Review me Twice - Ashes by Ilsa J. Bick



So, for one, I had no idea this was a zombie book until I started reading it. The back doesn't really give you that much of a clue.  It just says that people change, some for the better, some for the worse.  So I was expecting some sort of super power something, but not zombies.

Which... I liked, because a lot of times you go in with a lot of preconceptions when you realize something is a zombie story.  I like that I didn't really have those for Ashes.  It really let me see Bick's zombies as she wanted, I think (which were animalistic, but adaptable creatures.)

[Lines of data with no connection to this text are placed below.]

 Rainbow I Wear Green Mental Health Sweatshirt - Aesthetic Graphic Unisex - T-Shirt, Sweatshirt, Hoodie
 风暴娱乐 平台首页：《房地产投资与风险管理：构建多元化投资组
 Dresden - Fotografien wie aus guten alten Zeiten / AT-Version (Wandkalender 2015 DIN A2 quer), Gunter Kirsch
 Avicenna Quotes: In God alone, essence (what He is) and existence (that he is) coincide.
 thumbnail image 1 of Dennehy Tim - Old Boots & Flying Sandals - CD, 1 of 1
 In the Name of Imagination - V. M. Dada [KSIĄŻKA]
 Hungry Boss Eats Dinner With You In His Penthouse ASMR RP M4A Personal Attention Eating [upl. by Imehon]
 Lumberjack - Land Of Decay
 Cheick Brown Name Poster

She's also really good at making you turn pages.  I constantly was picking it up, reading it, wanting to know what happened and not being able to handle the cliff hangers.  Alex (our main character, not my co-blogger), was a well fleshed out, likable character.  I really like Ellie (an eight year old girl she kind of gets stuck with) and even Tom, our love interest.

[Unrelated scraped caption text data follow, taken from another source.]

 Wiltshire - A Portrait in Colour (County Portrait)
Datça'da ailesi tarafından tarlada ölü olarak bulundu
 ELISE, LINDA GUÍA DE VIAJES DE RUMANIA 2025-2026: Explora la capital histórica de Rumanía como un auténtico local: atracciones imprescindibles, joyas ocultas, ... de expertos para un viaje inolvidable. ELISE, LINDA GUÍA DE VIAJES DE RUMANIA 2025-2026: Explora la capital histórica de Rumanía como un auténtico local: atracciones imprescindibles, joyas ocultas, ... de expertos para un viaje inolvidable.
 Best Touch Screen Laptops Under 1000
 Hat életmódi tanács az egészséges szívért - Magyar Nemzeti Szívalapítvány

But... halfway through the book, it's not about Tom and Ellie anymore.  They're not even in that part of the story and Alex... she's not the character that I fell in love with in the beginning of the book.  She becomes very complacent and stays in this place that she had been ready to run as fast as possible from when she first got there.

It ended with a TREMENDOUS cliff hanger that you kind of saw coming (in the sense that you knew something was wrong), but kind of didn't.  It made me want to read the second book, if nothing else, but I hope that we see more of Tom & Ellie in book two because the book was kind of dumb without them.

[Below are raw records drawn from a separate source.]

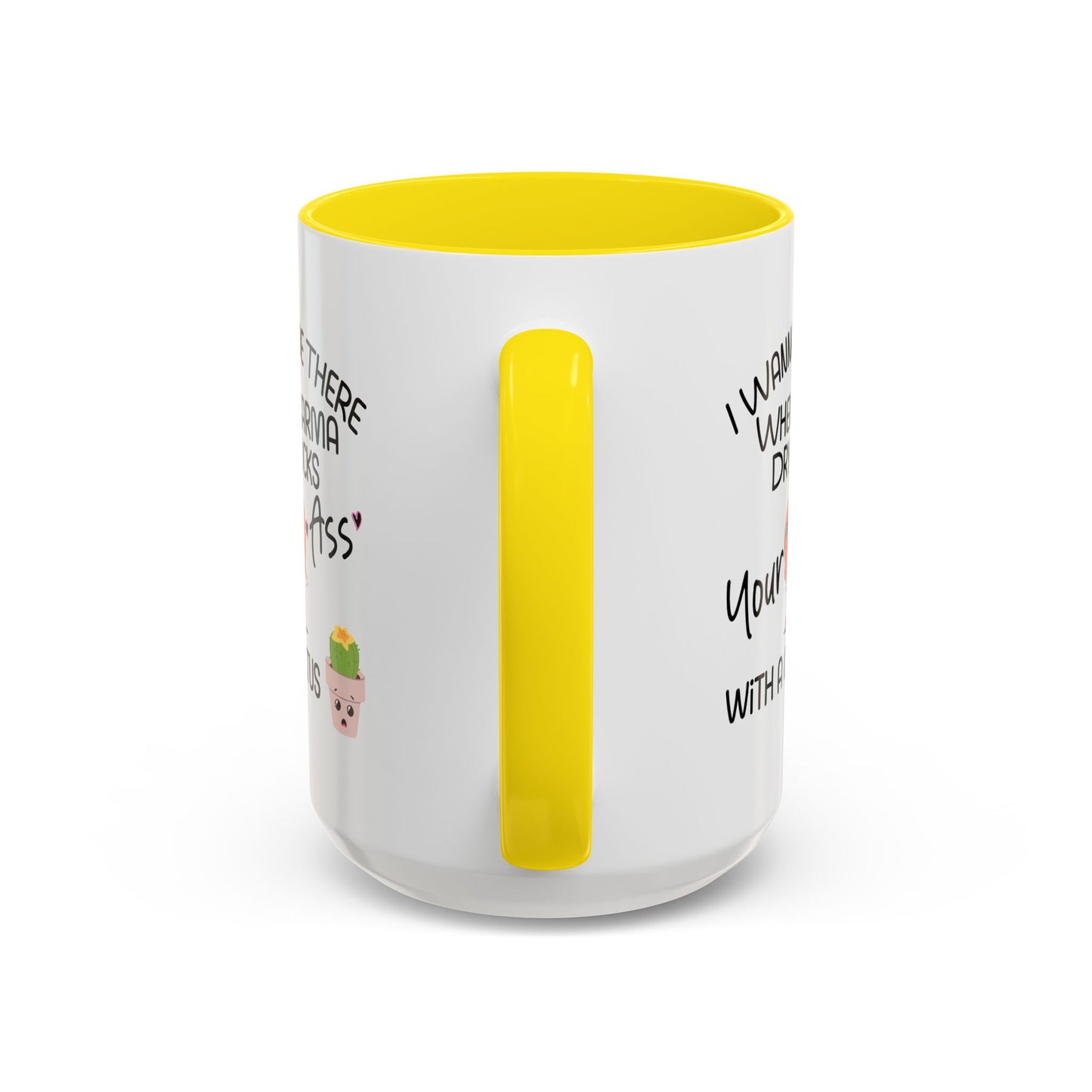 Adult Mug - I Wanna Be There When Karma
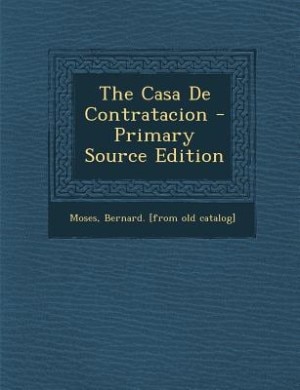Front cover_The Casa De Contratacion - Primary Source Edition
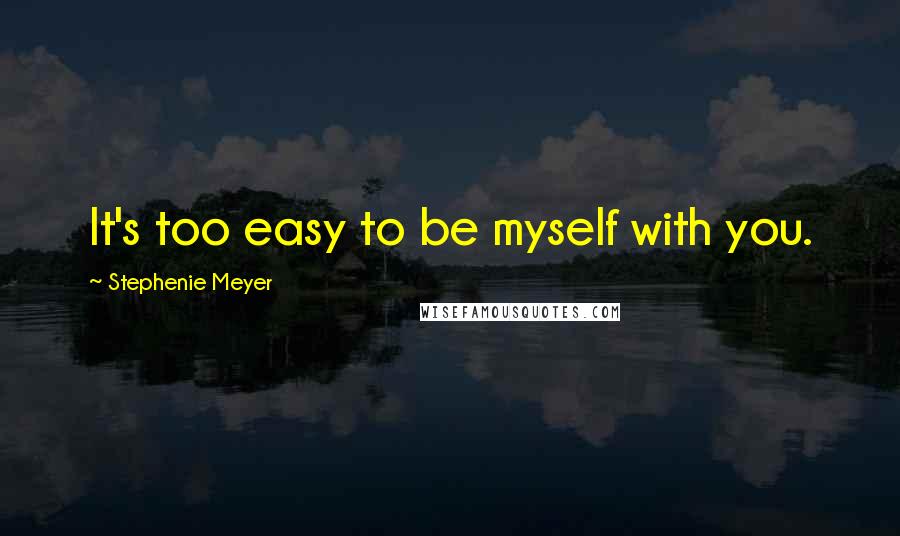 Stephenie Meyer Quotes: It's too easy to be myself with you.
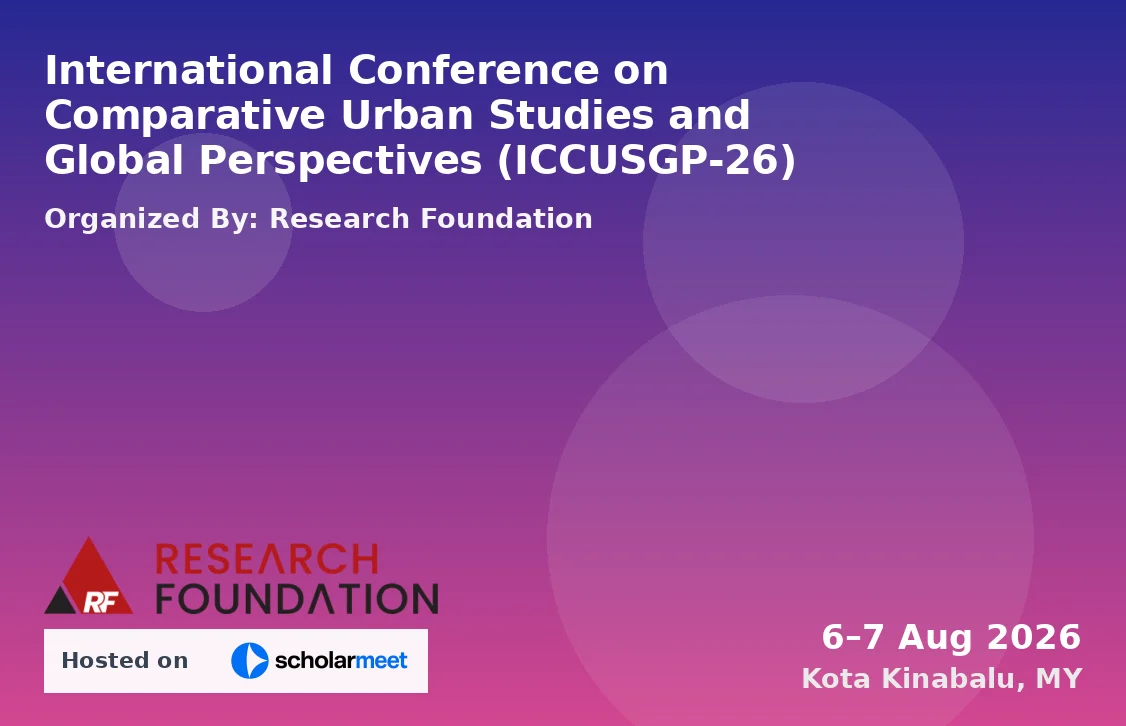 International Conference on Comparative Urban Studies and Global Perspectives (ICCUSGP-26)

There are two almost-separate stories in this book. We start with Alex, who later meets up with Tom and Ellie, and then somewhere between halfway and 2/3 of the way in, it's just Alex. I usually hate this writing tactic, because I rush through the part with the lone character hoping to hear about the others again. I did not do that this time, and I think it's just because I liked the second half just as much as I liked the first. (Usually I don't, because you build all this great momentum with the first and then BAM here's a totally different pace and new group of people, deal with it. That still happened, but I was given fair warning and it didn't just suddenly happen.)

Only once before with this blog was I so entranced by a book we read that I was compelled to read the next book in the series (that was with Divergent). I have already read Shadows and I'm now reading Monsters.

After a while, you see a very heavy writing pattern emerge. (I didn't notice it until I was about 1/3 through Shadows, but in retrospect, it was there in Ashes too.) It's hard to describe, though. It seems like, with every single chapter (after a while), our characters have more and more awfulness piled upon them. I mean, I've barely begun Monsters and with every page, you expect everyone to just drop dead because how could any of them possibly take any more?

But, my favorite thing about these books is that Bick is down-and-dirty. There is some sick, twisted stuff in these books. The first time you see one of the changed kids? I just suggest not eating while you read this one. It's awesome.